I did do a more thorough clean of the machine. I took off all the axis covers I could, wiped down the ways and leadscrews with acetone, and lubricated everything back up. I also attempted to adjust the gibs and everything feels more precise. I still plan to take the whole machine apart once I can get a workbench together, but that's going to take some time. I did notice some gaps in the between the ways, but I assume some of those aren't meant to be touching. I also had a look at the gibs and just looking at them and running my fingers over them, they don't feel flat. I'm not positive if that's by design or not. Everything I've read tells me it's not. So that might be a future project!

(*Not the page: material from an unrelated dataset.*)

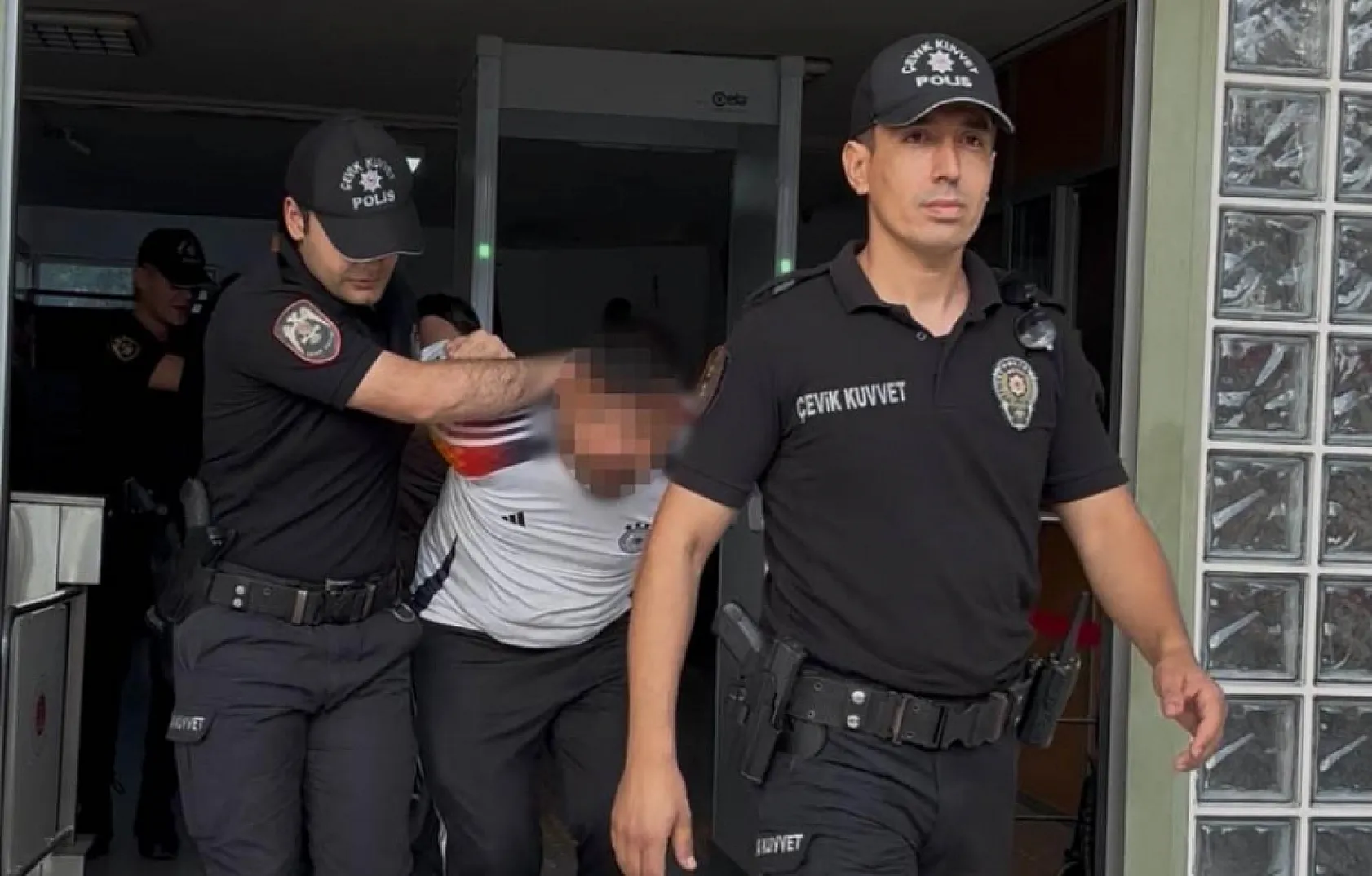 Aydın'da Gasp Operasyonu: 8 Şüpheliden 7'si Tutuklandı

I also have a few side notes on the machine and some things I noticed which I will detail later. I will also go through my process for adjusting the gibs and what effects that had. I still need to take a few more pictures before I can do that though. Expect an update within the next couple days! Thanks again for all your comments. Much appreciated, and very helpful to a new guy like me!


----------



## T Bredehoft (Aug 24, 2016)

I know that work height is a personal thing, I find that if I put my right palm under my chin, I have to lift my elbow about half an inch to get it on the machine table. This was not by design, I had a semi-permanent work bench I put my MP25 on, and that's where it really works well. I can see the work in the vice easily and the handles are easy to turn. I can crank the right hand X wheel simply by rotating my wrist. It works out at 44 1/2 inches from the floor for me, but I don't know your height or preference.


----------